Müzakere sürecinin ivme kazandığı son günlerde herkes barışa katkı adına bir şeyler vermekten, Kıbrıs Türkünün barış yanlısı tutumunu göstermesi gerektiğinden söz etmekte…
Mağusa’da yapılan ayinin yanında sevimli olmak adına birçok adım atmakta Kıbrıs Türkü…
Kapıların açıldığı günden bu yana, Rum komşulara hiçbir zaman surat dahi asmayan bizler, onları memnun etmek adına restoranlarımızda Rum müzikleri çalar olduk.
Müzik evrenseldir, kulağa güzel gelen her melodi dinlenebilir, çalınabilir, biz de yapalım ama ya Rumlar?
Rum restoranlarında hiçbir zaman Türk müziği çalındığını gördünüz mü?
Türk müziği güzel değil midir, ondan mı çalınmaz?
Güzeldir… Sadece bize değil, Rumlara göre de müziğimiz gayet güzeldir. Zaten Rumlar ve Yunanlılar kendi müziklerine benzettikleri Türk müziğini çok sever.
Sever sevmesine ama asla ve asla bir restoran sahibi, Türk müşterileri çekmek adına
Türk müziği çalamaz. Çalarsa o dükkanın camı, çerçevesi indirilir.
Burada anlaşılmaz bir durum vardır. Biz şayet Rum müşterileri çekmek için böyle bir yola başvuruyorsak, gereksiz bir çaba olur zira Türk müziğinin çalınmadığı, Güney’deki restoranlar Türk müşterilerle dolu.
Zaten Kıbrıs Türkünün hiçbir şekilde Rum’un üç kuruş parasına ihtiyacı yoktur. Anavatanımız her ihtiyacımızı görmekte, bizi kimseye muhtaç olmayacak şekilde koruyup kollamaktadır.
***
Kıbrıs Türkü’nün 1974’ten önce sıkıntısı, Rumların kendilerini azınlık olarak görüp, ezmeleriydi. Rumlara göre Kıbrıs Türkleri ikinci sınıf vatandaştı. “Deli Türk” derlerdi… “Köpekler ve Türkler giremez” yazısı asarlardı bazı dükkanların kapısına… Onlara göre Türkler sadece Rumların hizmetinde çalışabilirdi. Bir gün Rum siyasilerden biri çıktı, açık açık içindekileri söyledi: “Türkler gelsin, biz kardeşiz. Bir arada yaşayabiliriz. Mutfakta çalıştırırız, ofiste çalıştırırız. Garson yaparız, komi yaparız.

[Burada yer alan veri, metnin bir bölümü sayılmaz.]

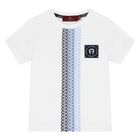 Younger Boys White & Blue Logo Shorts Set, 1, hi-res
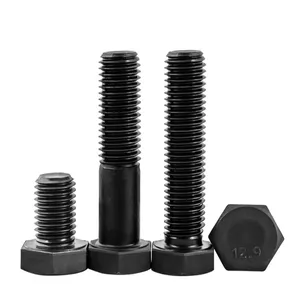 Wholesale DIN933 Hex bolt Customized galvanized or black finished grade 10.9 screws and bolts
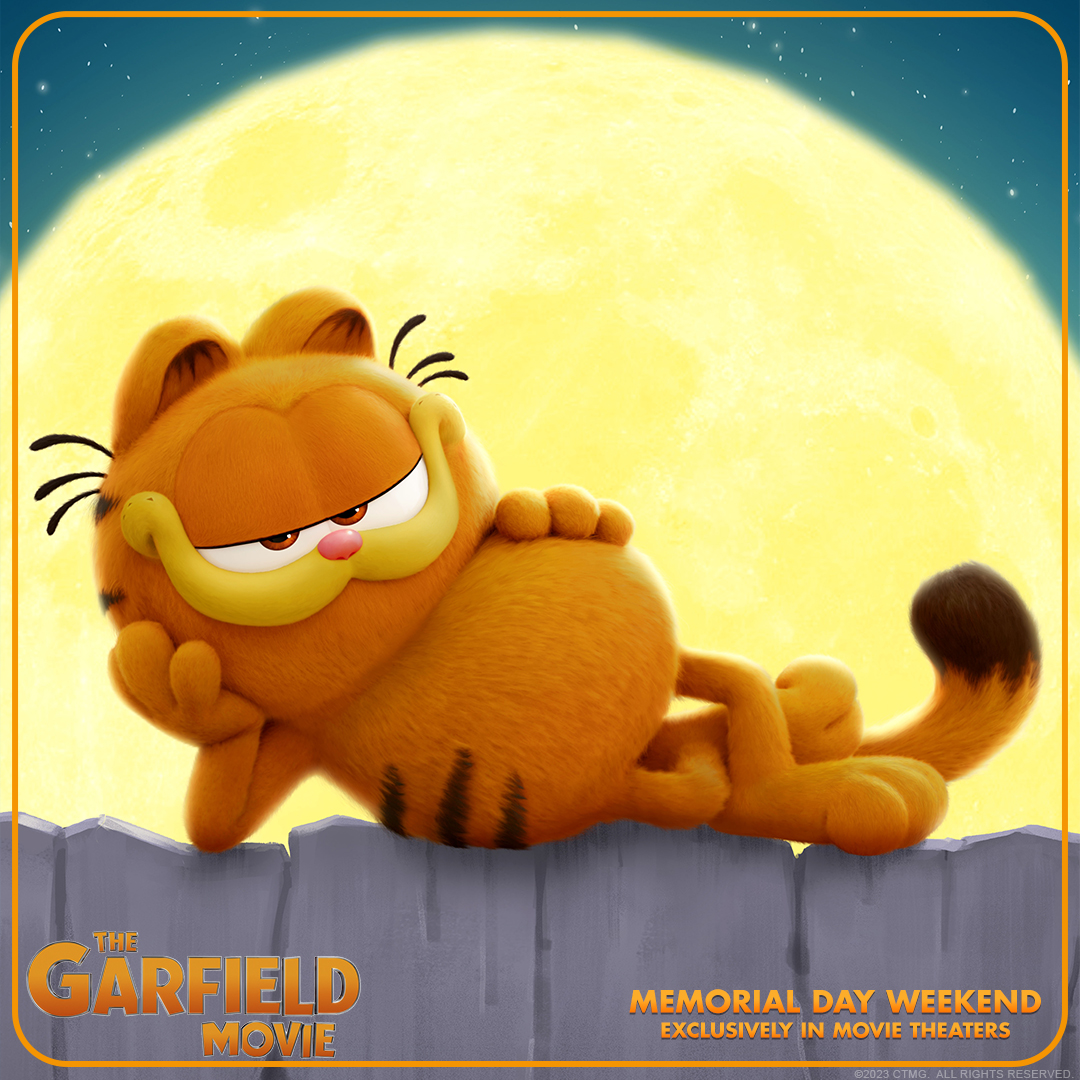 GarfieldMovie's tweet photo. The biggest and brightest. Oh, and the moon’s here too.

#GarfieldMovie is exclusively in movie theaters Memorial Day Weekend. https://t.co/NB1u4x87i4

Bizim çalışacak adama ihtiyacımız var!”
Kıbrıslı Türklere hiçbir zaman yüksek mevkileri layık görmeyen Rumlar, kendilerini dev aynasında gördüklerinden olsa gerek hiçbir zaman mütekabiliyet ilkesine uymadılar ama müzakerelerde, sadece “eşitlik” isteyen bizler, Rumların, Kıbrıslı Türkleri hiçbir şekilde eşit statüde görmediklerini anlayamıyoruz nedense.
Barış adına adımları her zaman Kıbrıs Türk tarafı atarken ve bu adımlar hep Türklerden beklenirken Rumlarda en ufak bir girişim yok. Tamam biz Rum/ Yunan müziği çalalım ama onlar da Türk müziği çalarak, bizimle dost olmak istediklerini göstersin. Şayet bunu yapmaktan imtina ediyorlarsa, bizim restoranlarımızda da Rum müziği çalınmasın ve bunu söylemek ırkçılık olarak adlandırılmasın!